Why Numerous American JUDGES Favor The Supremely Neutral Italian Kind Of System
Posted by Peter Quennell
See that above at the bottom of the YouTube screen? Some $280 million has been spent since the year 2000.
Can you guess what the $280 million was for?
In fact the $280 million is funds raised and spent for judges’ election campaigns in the roughly 3/4 of all American states where such judges’ elections are held - the original intention of which was good: to get judicial choices out of smoke-filled rooms.
Sitting judges and prospective judges themselves usually dont like this fundraising, because they have to take time off to raise these funds, and pressures from donors - including bad-boy donors and in some cases defense lawyers seeking a break - can become extreme.
We have posted previously on enlightened American lawyers favoring main aspects of the Italian kind of system and on American cities now doing the same. Now we see many American judges and public-interest groups inclining the same way.

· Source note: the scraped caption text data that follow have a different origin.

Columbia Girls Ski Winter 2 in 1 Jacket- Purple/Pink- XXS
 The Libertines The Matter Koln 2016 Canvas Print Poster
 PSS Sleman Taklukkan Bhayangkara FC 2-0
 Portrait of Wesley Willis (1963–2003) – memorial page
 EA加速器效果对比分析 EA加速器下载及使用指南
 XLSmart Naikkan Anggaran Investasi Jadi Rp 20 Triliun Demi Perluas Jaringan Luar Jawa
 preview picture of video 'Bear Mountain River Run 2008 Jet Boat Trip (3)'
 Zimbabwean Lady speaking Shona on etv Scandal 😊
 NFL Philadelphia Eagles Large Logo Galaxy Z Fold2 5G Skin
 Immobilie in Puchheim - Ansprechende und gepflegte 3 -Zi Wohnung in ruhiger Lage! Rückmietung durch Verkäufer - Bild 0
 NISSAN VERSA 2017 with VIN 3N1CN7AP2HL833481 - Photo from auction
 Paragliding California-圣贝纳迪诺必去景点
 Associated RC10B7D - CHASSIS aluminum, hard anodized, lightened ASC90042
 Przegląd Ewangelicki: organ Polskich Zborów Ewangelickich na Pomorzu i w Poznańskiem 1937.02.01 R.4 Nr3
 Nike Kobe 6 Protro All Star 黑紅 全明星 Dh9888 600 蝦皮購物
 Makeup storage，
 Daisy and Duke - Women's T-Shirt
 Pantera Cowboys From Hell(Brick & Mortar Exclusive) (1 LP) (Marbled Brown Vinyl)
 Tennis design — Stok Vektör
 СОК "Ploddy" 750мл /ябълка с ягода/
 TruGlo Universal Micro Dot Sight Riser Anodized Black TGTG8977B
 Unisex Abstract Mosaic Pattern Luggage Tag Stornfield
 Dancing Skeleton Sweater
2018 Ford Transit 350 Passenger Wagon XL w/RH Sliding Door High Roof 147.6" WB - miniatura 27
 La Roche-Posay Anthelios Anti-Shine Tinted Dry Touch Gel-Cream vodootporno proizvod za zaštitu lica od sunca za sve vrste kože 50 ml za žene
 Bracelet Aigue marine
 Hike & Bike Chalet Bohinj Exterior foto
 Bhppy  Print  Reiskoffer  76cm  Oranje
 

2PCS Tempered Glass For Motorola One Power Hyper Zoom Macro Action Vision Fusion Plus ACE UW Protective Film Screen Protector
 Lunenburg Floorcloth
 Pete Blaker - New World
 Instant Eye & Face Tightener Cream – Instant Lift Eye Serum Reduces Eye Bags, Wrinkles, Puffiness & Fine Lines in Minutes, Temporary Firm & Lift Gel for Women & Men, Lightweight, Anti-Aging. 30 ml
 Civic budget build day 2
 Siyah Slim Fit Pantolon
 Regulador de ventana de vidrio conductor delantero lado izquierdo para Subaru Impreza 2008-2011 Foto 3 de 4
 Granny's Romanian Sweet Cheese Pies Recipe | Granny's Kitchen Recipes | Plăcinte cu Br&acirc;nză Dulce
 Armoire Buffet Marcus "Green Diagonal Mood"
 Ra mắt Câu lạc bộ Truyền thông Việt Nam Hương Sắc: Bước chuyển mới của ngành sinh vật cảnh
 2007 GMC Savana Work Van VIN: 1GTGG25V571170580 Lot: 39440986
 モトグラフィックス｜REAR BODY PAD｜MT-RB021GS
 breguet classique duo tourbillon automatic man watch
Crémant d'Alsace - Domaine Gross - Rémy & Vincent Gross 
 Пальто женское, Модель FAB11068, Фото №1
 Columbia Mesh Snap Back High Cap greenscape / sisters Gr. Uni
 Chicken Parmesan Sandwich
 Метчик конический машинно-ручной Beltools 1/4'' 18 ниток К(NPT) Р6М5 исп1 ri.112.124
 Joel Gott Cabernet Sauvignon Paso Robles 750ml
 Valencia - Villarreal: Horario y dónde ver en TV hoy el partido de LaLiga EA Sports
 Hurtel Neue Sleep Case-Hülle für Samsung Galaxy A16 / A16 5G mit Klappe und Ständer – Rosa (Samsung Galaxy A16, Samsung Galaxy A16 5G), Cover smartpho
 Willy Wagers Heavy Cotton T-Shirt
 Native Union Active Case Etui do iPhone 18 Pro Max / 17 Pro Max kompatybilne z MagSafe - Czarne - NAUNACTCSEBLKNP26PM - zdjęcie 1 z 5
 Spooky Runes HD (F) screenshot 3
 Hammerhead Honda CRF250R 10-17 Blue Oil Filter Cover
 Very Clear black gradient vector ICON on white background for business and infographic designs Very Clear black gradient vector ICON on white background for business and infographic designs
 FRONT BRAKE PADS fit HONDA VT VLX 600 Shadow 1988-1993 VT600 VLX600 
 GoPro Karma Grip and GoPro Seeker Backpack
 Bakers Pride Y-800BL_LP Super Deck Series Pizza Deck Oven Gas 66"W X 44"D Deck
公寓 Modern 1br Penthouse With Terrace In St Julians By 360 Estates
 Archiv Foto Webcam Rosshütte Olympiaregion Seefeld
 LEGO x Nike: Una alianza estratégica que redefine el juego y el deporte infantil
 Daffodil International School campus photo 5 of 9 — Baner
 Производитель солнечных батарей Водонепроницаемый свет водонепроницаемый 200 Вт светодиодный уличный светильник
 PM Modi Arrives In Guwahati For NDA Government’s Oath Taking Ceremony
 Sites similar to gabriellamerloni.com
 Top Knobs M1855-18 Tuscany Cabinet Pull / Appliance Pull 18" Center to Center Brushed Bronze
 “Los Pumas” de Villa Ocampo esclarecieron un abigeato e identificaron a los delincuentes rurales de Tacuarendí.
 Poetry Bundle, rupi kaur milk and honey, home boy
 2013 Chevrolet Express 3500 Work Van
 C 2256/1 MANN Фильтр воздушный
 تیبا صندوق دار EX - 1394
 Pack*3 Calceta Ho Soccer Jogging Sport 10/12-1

Why all judges in Italy are impartial and well-trained in the extreme (like all prosecutors) and dont have to keep their paws outstretched is that they are in a merit-based system where only their performance and not their politics counts.
We described how Italian justice system officials have to jump hurdle after hurdle in getting their cases advanced. A very demanding process in which only the best succeed.
It’s the same with their careers. They have to jump hurdle after hurdle in exams and peer assessment to advance from level to level - to make it as high for example as this revered prosecutor here.
Do such serial defamers of the Italian system as Doug Preston and Steve Moore and ex-judge Michael Heavey bother to tell you this about the Italian system? Probably not. They have never been truthful about it before.
A system problem. Nobody here sets out to be bad people. Those groups are not breaking any present laws and judges on the whole are well-meaning.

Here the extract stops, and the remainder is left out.